Use as many grouping columns as necessary to achieve as fine-grained a summary as you require. The earlier query that shows the number of messages per sender is a coarse summary. To be more specific and find out how many messages each sender sent from each host, use two grouping columns. This produces a result with nested groups (groups within groups):

mysql> SELECT srcuser, srchost, COUNT(srcuser) FROM mail     -> GROUP BY srcuser, srchost; +---------+---------+----------------+ | srcuser | srchost | COUNT(srcuser) | +---------+---------+----------------+ | barb    | saturn  |              2 | | barb    | venus   |              1 | | gene    | mars    |              2 | | gene    | saturn  |              2 | | gene    | venus   |              2 | | phil    | mars    |              3 | | phil    | venus   |              2 | | tricia  | mars    |              1 | | tricia  | saturn  |              1 | +---------+---------+----------------+

The preceding examples in this section have used COUNT⁠(⁠ ⁠ ⁠), SUM⁠(⁠ ⁠ ⁠), and AVG⁠(⁠ ⁠ ⁠) for per-group summaries.
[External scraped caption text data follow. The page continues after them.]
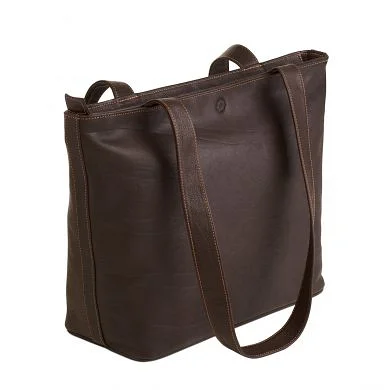 Tasche Sevilla G in Mocca – Rückansicht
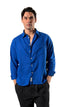 Blue / Small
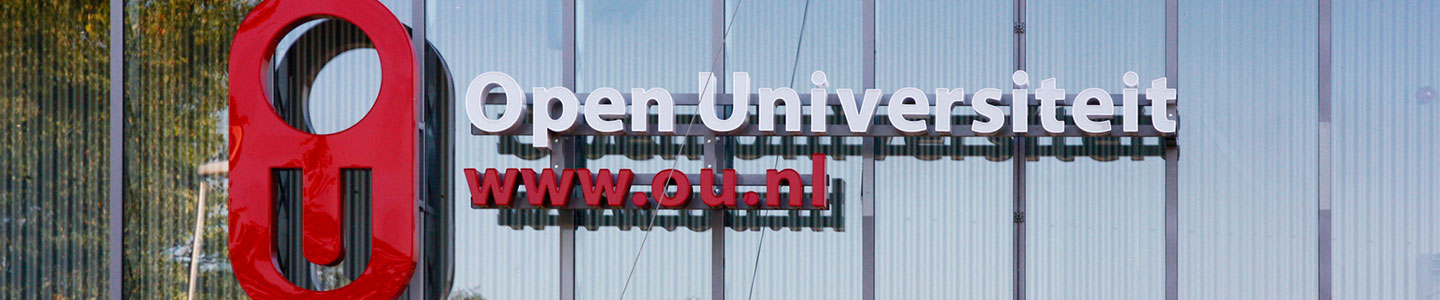 Study in Open University with Scholarship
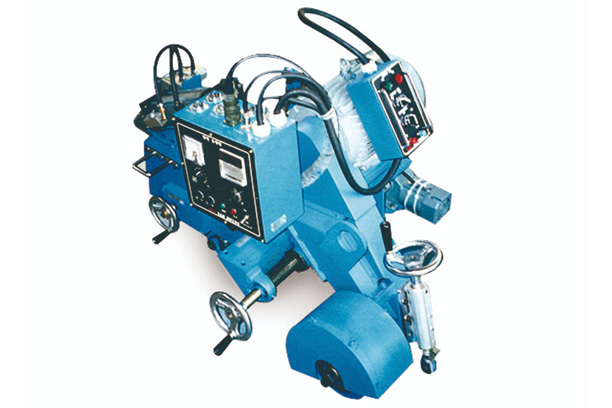 PORTABLE MILLING MACHINE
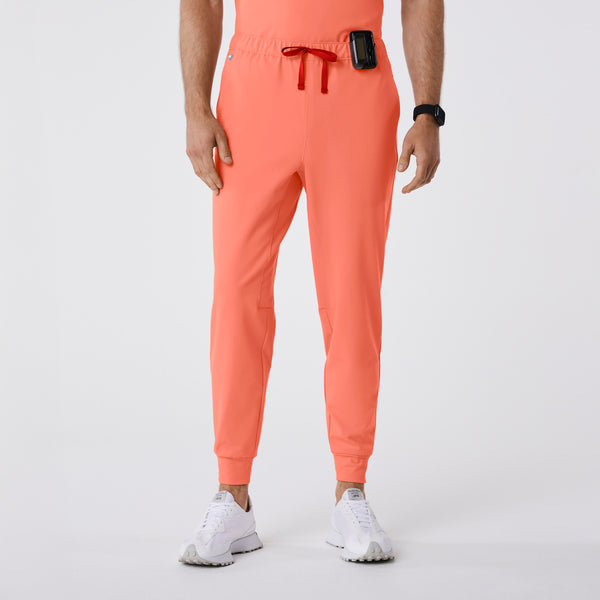 men's Sunset Drift Tansen - Tall Jogger Scrub Pant™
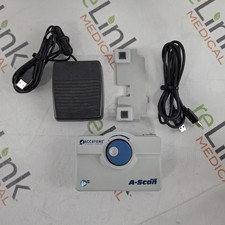 Accutome inc. scan for sale  Twinsburg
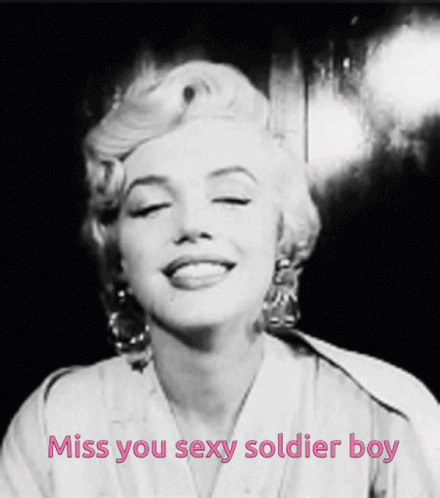 Soldier Army GIF - Soldier Army Military GIFs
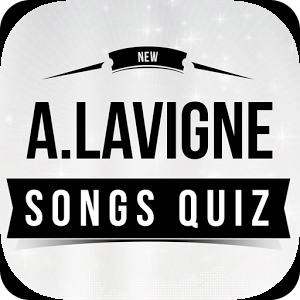 Avril Lavigne - Songs Quiz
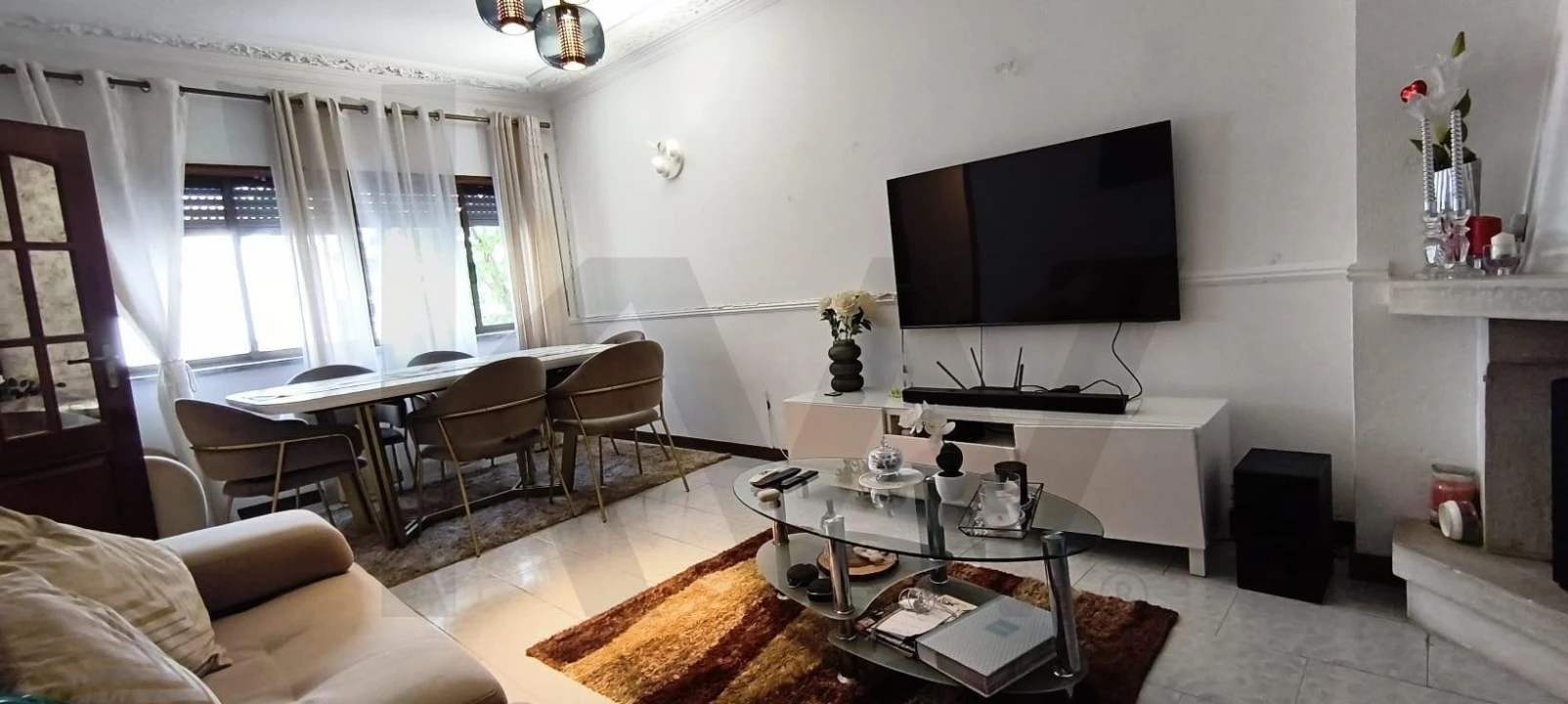 Apartamento T2 para Venda em Massamá e Monte Abraão Foto 4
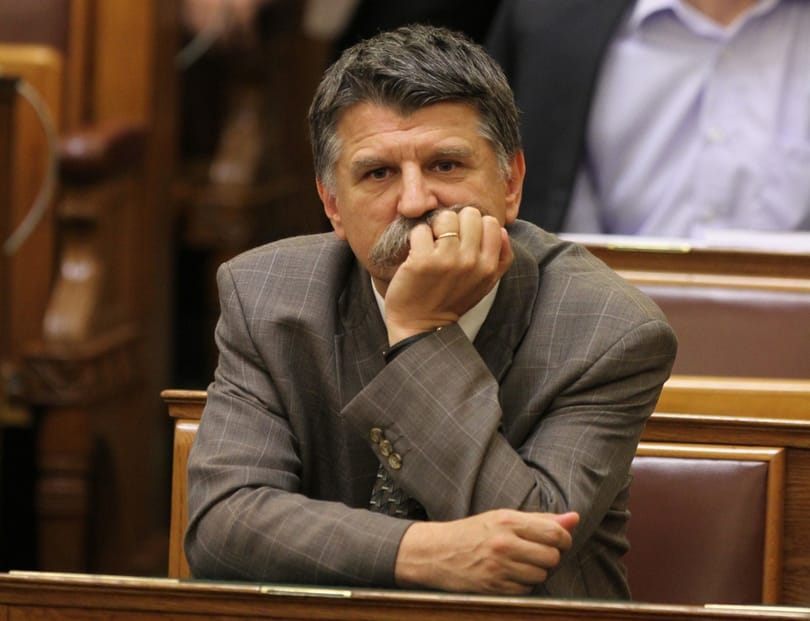 FAZ: nem elég okos a Fidesz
You can use MIN⁠(⁠ ⁠ ⁠) or MAX⁠(⁠ ⁠ ⁠), too. With a GROUP BY clause, they will tell you the smallest or largest value per group. The following query groups mail table rows by message sender, displaying for each the size of the largest message sent and the date of the most recent message:

mysql> SELECT srcuser, MAX(size), MAX(t) FROM mail GROUP BY srcuser; +---------+-----------+---------------------+ | srcuser | MAX(size) | MAX(t)              | +---------+-----------+---------------------+ | barb    |     98151 | 2006-05-14 14:42:21 | | gene    |    998532 | 2006-05-19 22:21:51 | | phil    |     10294 | 2006-05-17 12:49:23 | | tricia  |   2394482 | 2006-05-14 17:03:01 | +---------+-----------+---------------------+

You can group by multiple columns and display a maximum for each combination of values in those columns. This query finds the size of the largest message sent between each pair of sender and recipient values listed in the mail table:

mysql> SELECT srcuser, dstuser, MAX(size) FROM mail GROUP BY srcuser, dstuser; +---------+---------+-----------+ | srcuser | dstuser | MAX(size) | +---------+---------+-----------+ | barb    | barb    |     98151 | | barb    | tricia  |     58274 | | gene    | barb    |      2291 | | gene    | gene    |     23992 | | gene    | tricia  |    998532 | | phil    | barb    |     10294 | | phil    | phil    |      1048 | | phil    | tricia  |      5781 | | tricia  | gene    |    194925 | | tricia  | phil    |   2394482 | +---------+---------+-----------+

When using aggregate functions to produce per-group summary values, watch out for the following trap, which involves selecting nonsummary table columns not related to the grouping columns. Suppose that you want to know the longest trip per driver in the driver_log table. That's produced by this query:

mysql> SELECT name, MAX(miles) AS 'longest trip'     -> FROM driver_log GROUP BY name; +-------+--------------+ | name  | longest trip | +-------+--------------+ | Ben   |          152 | | Henry |          300 | | Suzi  |          502 | +-------+--------------+

But what if you also want to show the date on which each driver's longest trip occurred? Can you just add TRav_date to the output column list? Sorry, that won't work:

mysql> SELECT name, trav_date, MAX(miles) AS 'longest trip'     -> FROM driver_log GROUP BY name; +-------+------------+--------------+ | name  | trav_date  | longest trip | +-------+------------+--------------+ | Ben   | 2006-08-30 |          152 | | Henry | 2006-08-29 |          300 | | Suzi  | 2006-08-29 |          502 | +-------+------------+--------------+

The query does produce a result, but if you compare it to the full table (shown following), you'll see that although the dates for Ben and Henry are correct, the date for Suzi is not:

+--------+-------+------------+-------+ | rec_id | name  | trav_date  | miles | +--------+-------+------------+-------+ |      1 | Ben   | 2006-08-30 |   152 |     Bens longest trip |      2 | Suzi  | 2006-08-29 |   391 | |      3 | Henry | 2006-08-29 |   300 |     Henrys longest trip |      4 | Henry | 2006-08-27 |    96 | |      5 | Ben   | 2006-08-29 |   131 | |      6 | Henry | 2006-08-26 |   115 | |      7 | Suzi  | 2006-09-02 |   502 |     Suzis longest trip |      8 | Henry | 2006-09-01 |   197 | |      9 | Ben   | 2006-09-02 |    79 | |     10 | Henry | 2006-08-30 |   203 | +--------+-------+------------+-------+

So what's going on? Why does the summary statement produce incorrect results? This happens because when you include a GROUP BY clause in a query, the only values that you can select are the grouped columns or summary values calculated from the groups. If you display additional table columns, they're not tied to the grouped columns and the values displayed for them are indeterminate. (For the statement just shown, it appears that MySQL may simply be picking the first date for each driver, regardless of whether it matches the driver's maximum mileage value.)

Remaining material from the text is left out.